Top of INFORMATION
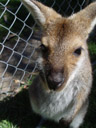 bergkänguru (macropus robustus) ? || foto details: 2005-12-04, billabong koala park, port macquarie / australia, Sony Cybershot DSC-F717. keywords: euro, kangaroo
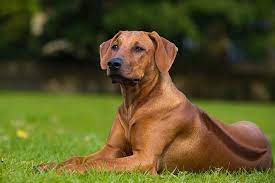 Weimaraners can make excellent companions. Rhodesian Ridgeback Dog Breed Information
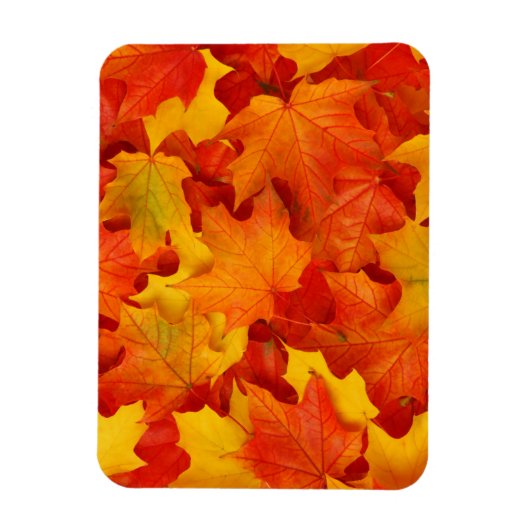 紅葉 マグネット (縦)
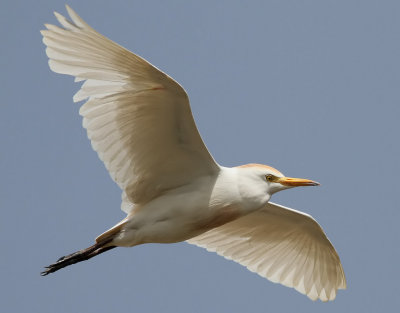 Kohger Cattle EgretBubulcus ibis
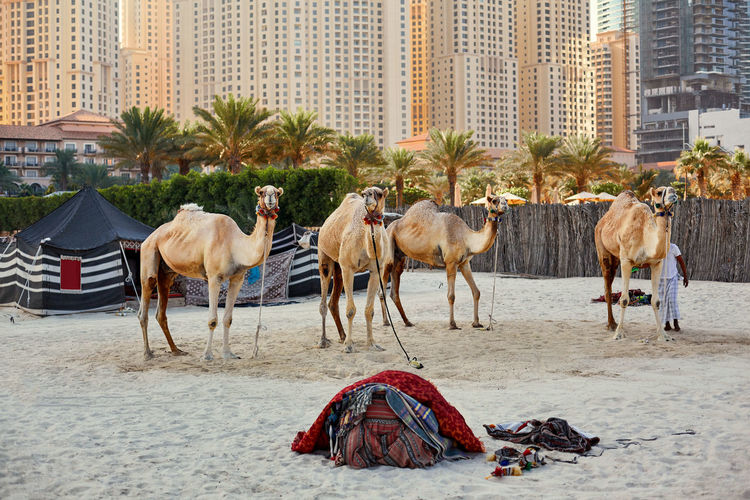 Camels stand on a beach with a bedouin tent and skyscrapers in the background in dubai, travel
Bottom of INFORMATION
Top of INFORMATION
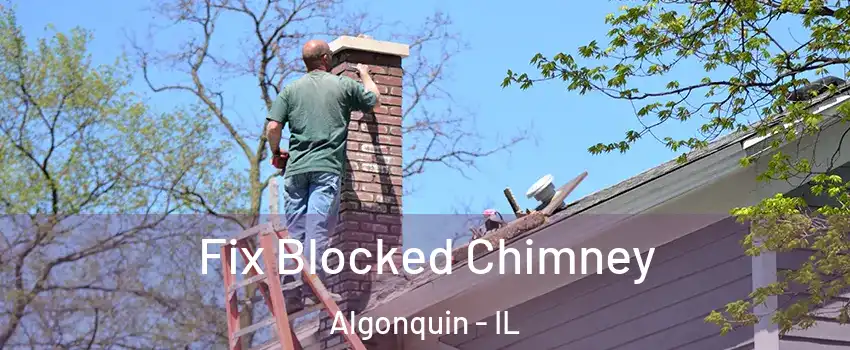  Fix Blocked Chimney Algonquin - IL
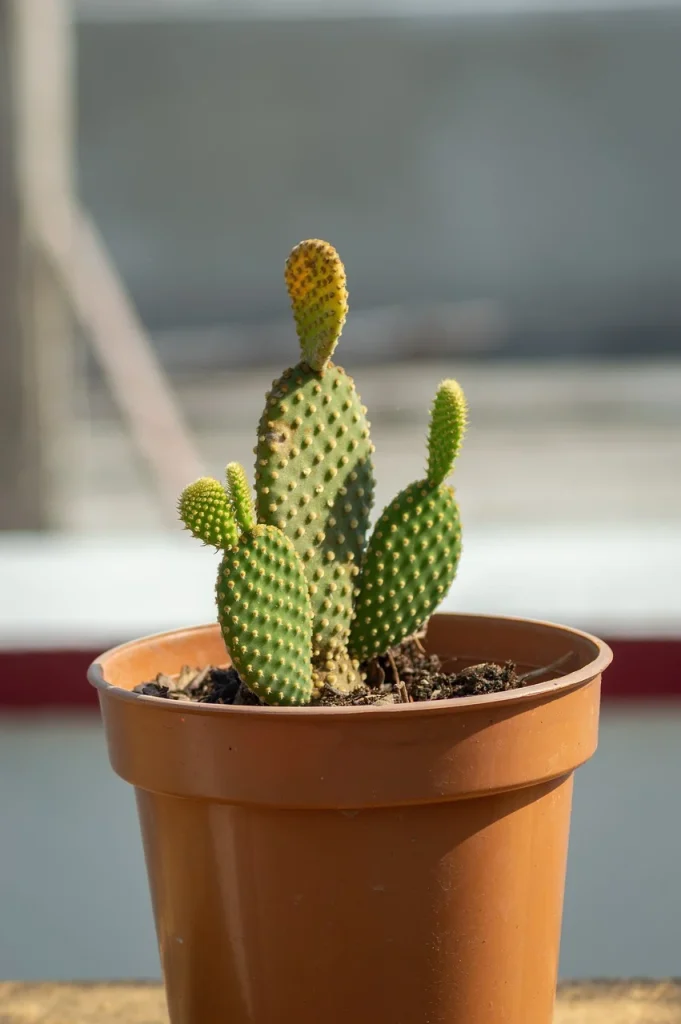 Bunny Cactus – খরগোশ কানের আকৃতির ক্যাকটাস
Bottom of INFORMATION
Top of INFORMATION
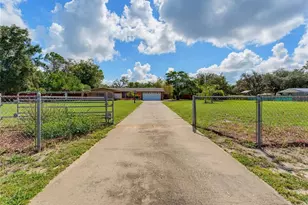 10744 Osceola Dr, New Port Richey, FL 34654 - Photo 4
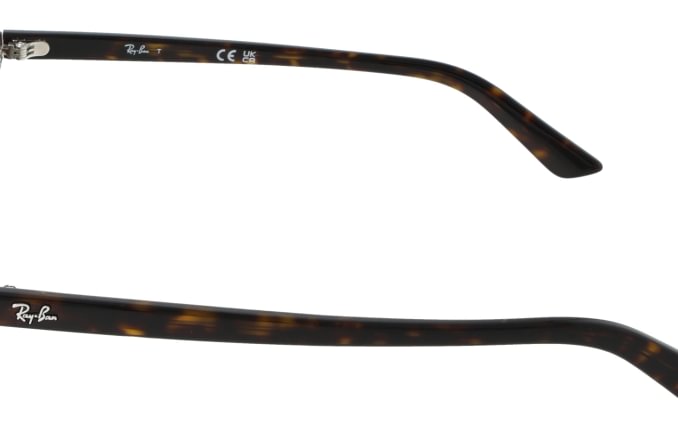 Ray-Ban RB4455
Bottom of INFORMATION
# [ABOUT THIS EXERCISE]
Once the line with "Kohger Cattle EgretBubulcus ibis" is found above, print it and every line after it through the line with "Camels stand on", exactly. Pictures stay out.

# [OUTPUT FOR THIS TASK]
 Kohger Cattle EgretBubulcus ibis
 Camels stand on a beach with a bedouin tent and skyscrapers in the background in dubai, travel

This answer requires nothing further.